December 11, 2014
The Ontario Auditor General's report on smart meters has draw a lot of attention to the question of smart meter deployment and time of use energy pricing. I have been participating in an SSHRC funded research project involving academic partners in Ontario, BC, Quebec, and the US around smart meters and smart grids. A working paper on the state of smart meter and smart grid policy and practice in Ontario is on the SEI website at http://sei.info.yorku.ca/files/2012/12/Beyond-Smart-Meters-April-28-2014.pdf
The Auditor General has placed a very strong emphasis on the negative dimensions of smart meter deployment in Ontario. There is no question that in the effort to move smart meter deployment forward quickly serious errors were made. At the time the key decisions were made, in the middle part of the last decade, there were very strong perceptions of a crisis around the province’s ability to meet critical summer peaks in electricity demand. Smart meters were seen as an essential tool demand response, particularly through the implementation of time of use pricing, and also as a means for grid managers to strengthen their ability to manage and stabilize the grid. At the same time, the rapid roll-out of smart meter deployment before technical and interoperability standards were fully developed, has led to ongoing concerns regarding the potential for future upgrades in capabilities and services.
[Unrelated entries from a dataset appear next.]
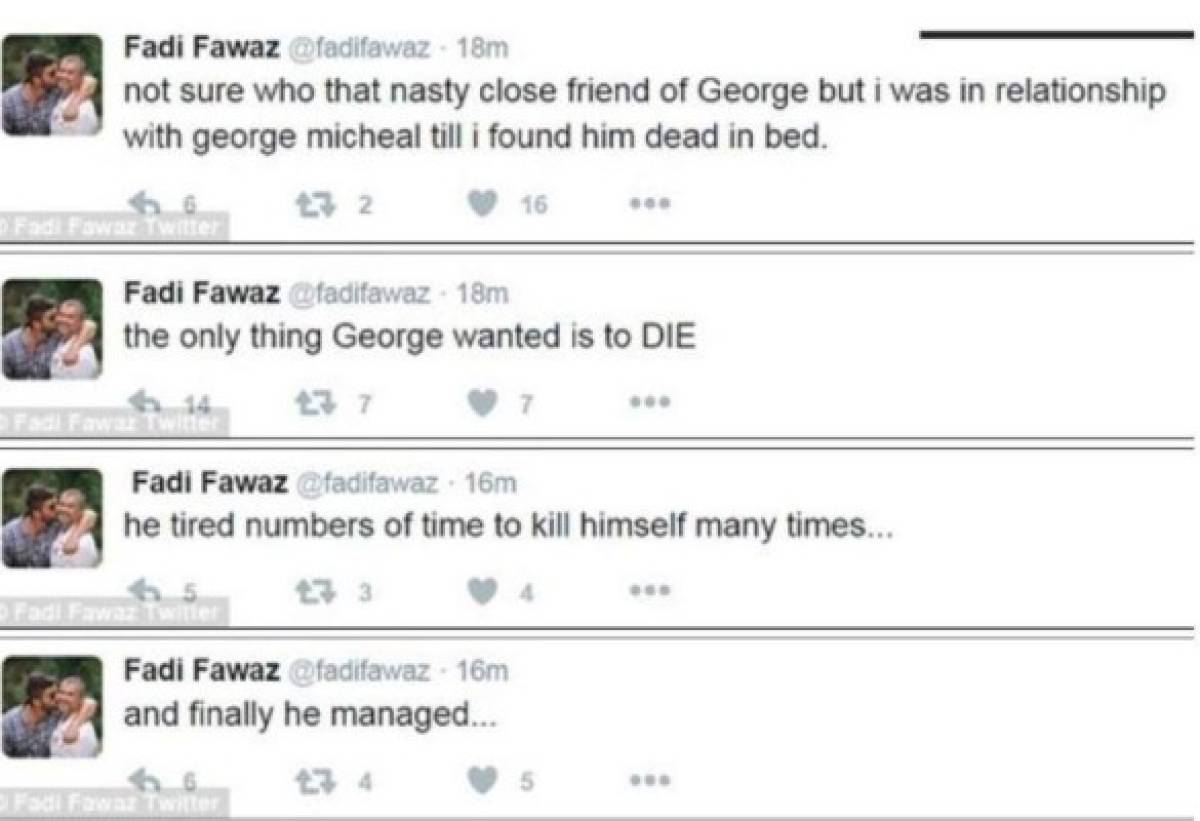 Estos fueron los tweets que Fawaz negó haber escrito días atrás en su cuenta de Twitter.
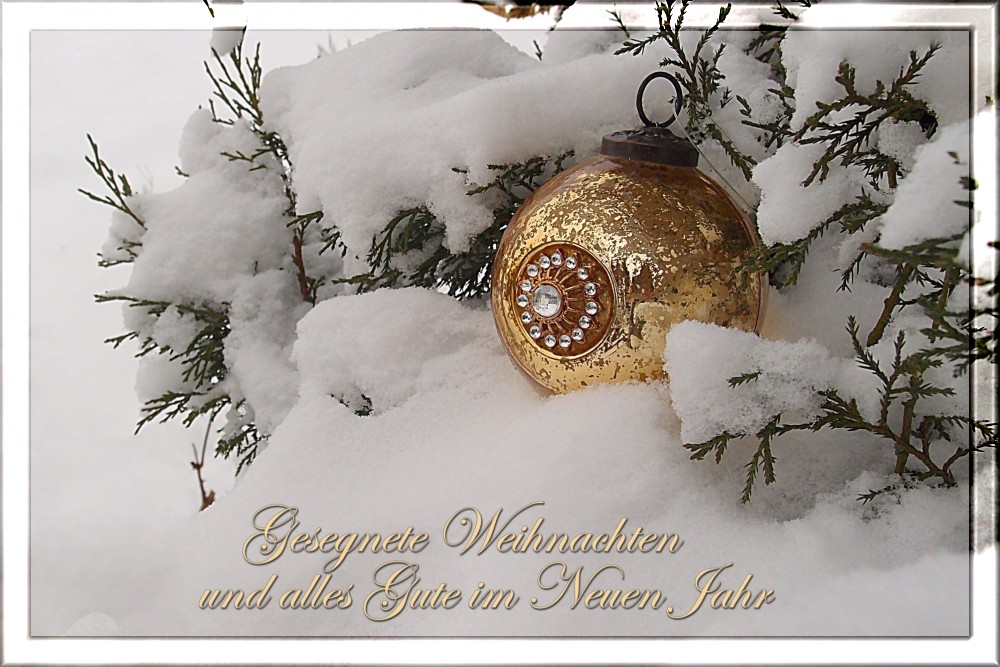 - Frohe Weihnachten -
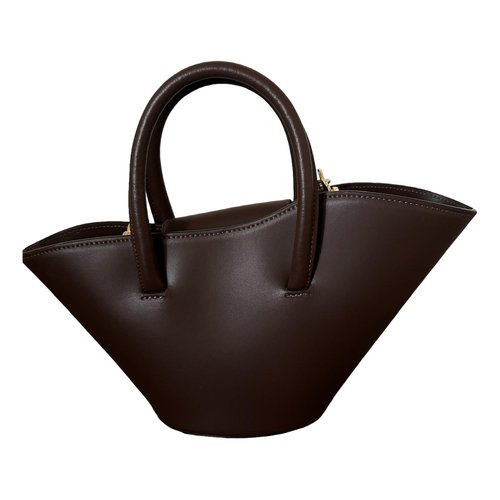 Pre-owned Little Liffner Leather Handbag In Brown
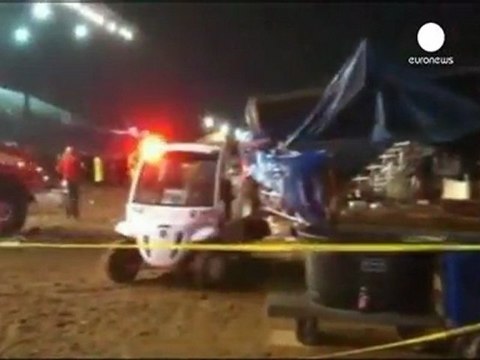 Usa, crolla il palco del concerto: morti e feriti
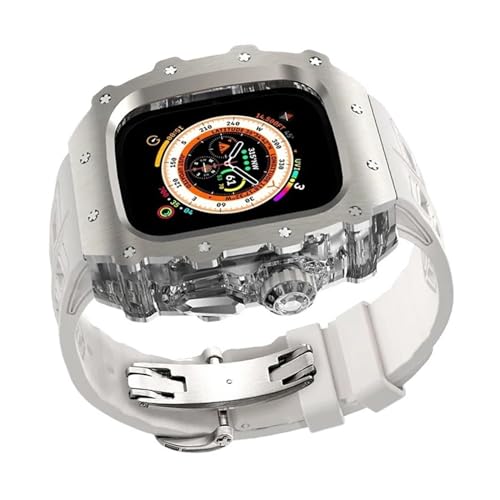 Bracelet iWatch 9 6 44mm et boîtier titane look Ultra pour le quotidien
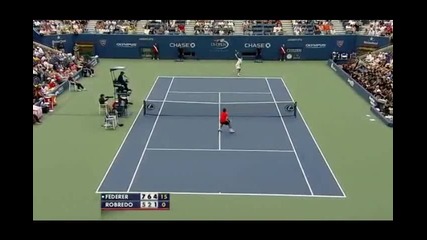 Federer vs. Robredo Us Open 2009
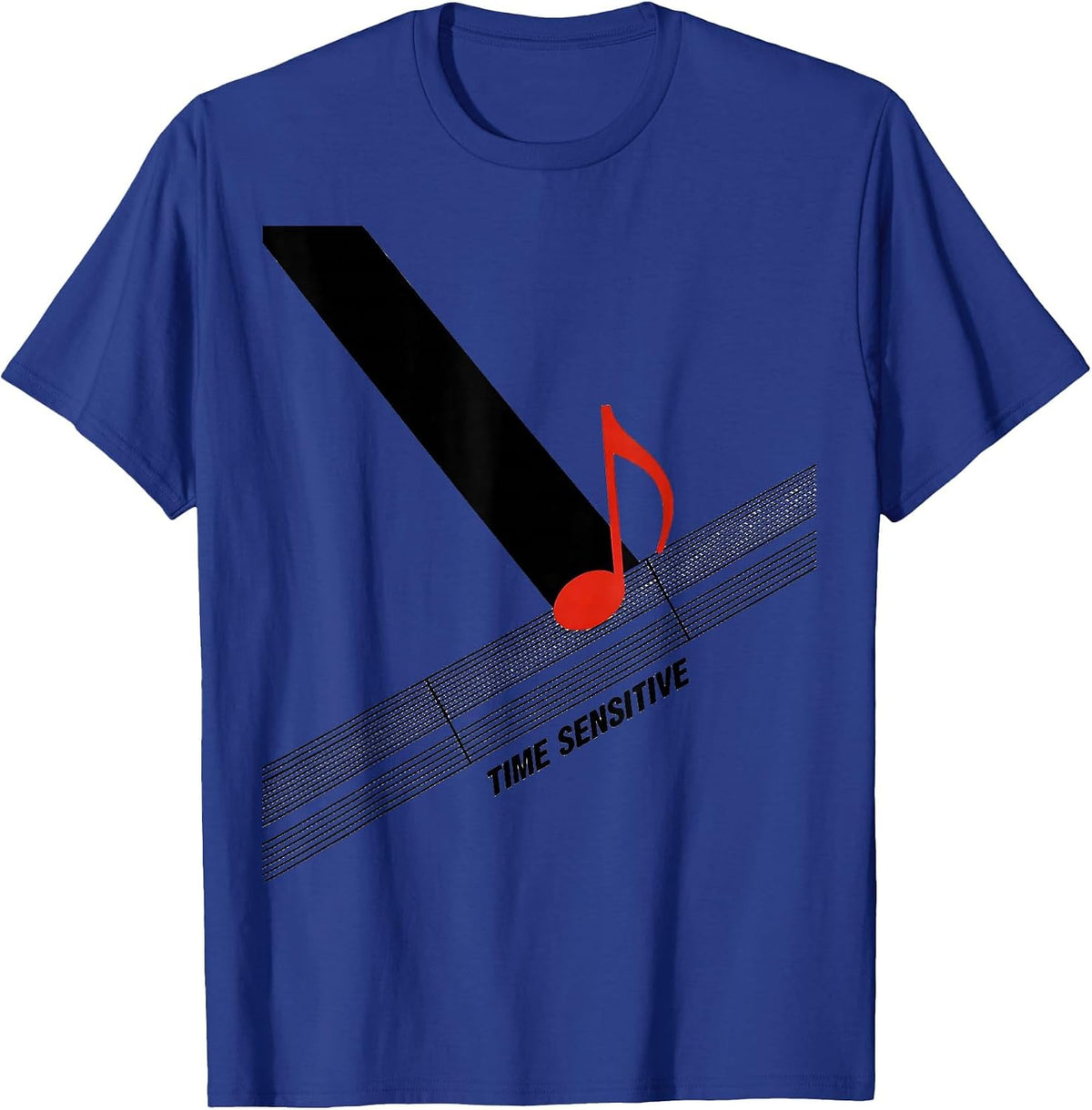 Men's Time Sensitive Funny Music Lover Musician Gift T-Shirt - Royal Blue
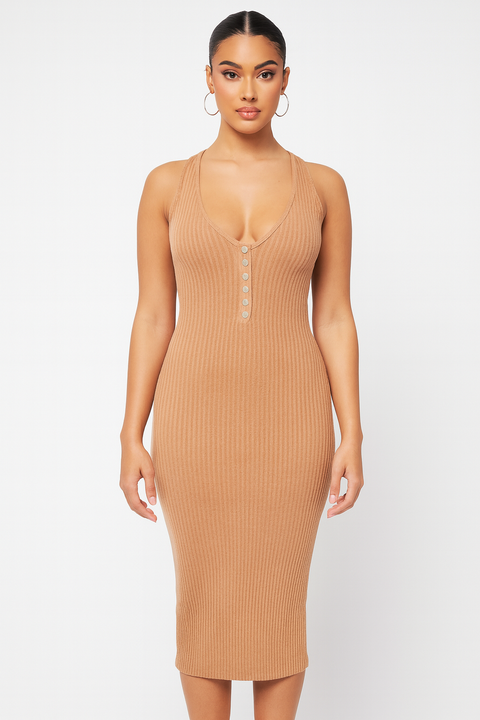 Forever 21 Women's Blush Helter Neck Open Back Dress | Forever 21 In Lebanon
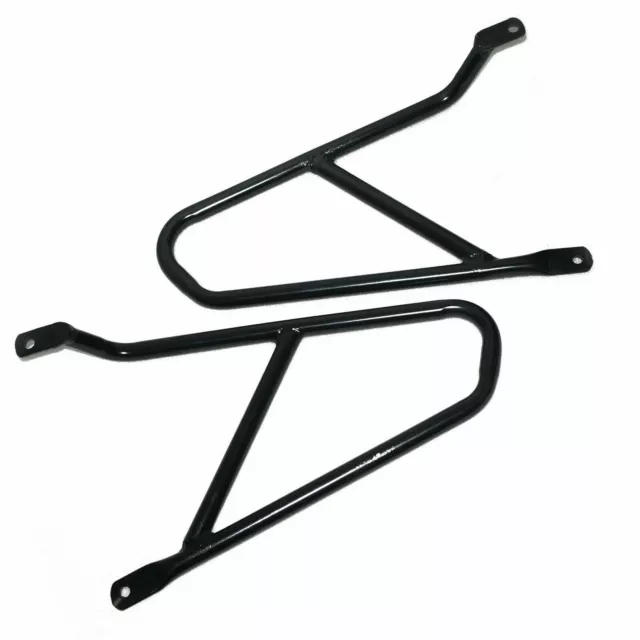 Panier Montage Rails Supports Noir Pour Royal Enfield Interceptor 650cc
That said, the Auditor-General might have more fully acknowledged the potential benefits of smart meter deployment. Smart meters are an enabling technology, whose potential uses have yet to be fully realized. This is in part a result of the consideration that the software and technologies needed to fully utilize the data being generated by smart meters are only beginning to emerge.
The Auditor General also ignores some important successes around smart meter deployment in Ontario. The process has proceeded with remarkably little social conflict – a situation in stark contrast to what has been seen in Quebec, BC and many US states. There have also been important successes around privacy and data access issues that flowed from collaborations between the IESO and Ontario’s information and privacy commissioner. Our early experience with the technology has also put us a generation ahead of most other jurisdictions around the emergence of a smart grid. Most of the places we have looked at in Canada and US through our project are still at the smart meter implementation stage. We are moving well beyond that in terms of the technical and policy conversations that are now happening in Ontario.
It is important to separate issues around the concepts of smart meters and time of use pricing, from the specific problems with implementation in Ontario - not throwing the baby out with the bathwater as it were – something around which the Auditor General could have done a better job. Much of the criticism levelled in the report isn't about whether smart meters and a smart grid are a good idea per se - rather it is about how the government handled implementation – its failure to make as full use of TOU pricing as it could have, for example.
More generally, it is unfair for the Auditor General to blame smart meters and FIT contracted renewables for the problems of suplus baseload generation and the global adjustment. Both of these problems are overwhelmingly driven by character and cost of the province's nuclear power plants, something the Auditor General fails to acknowledge.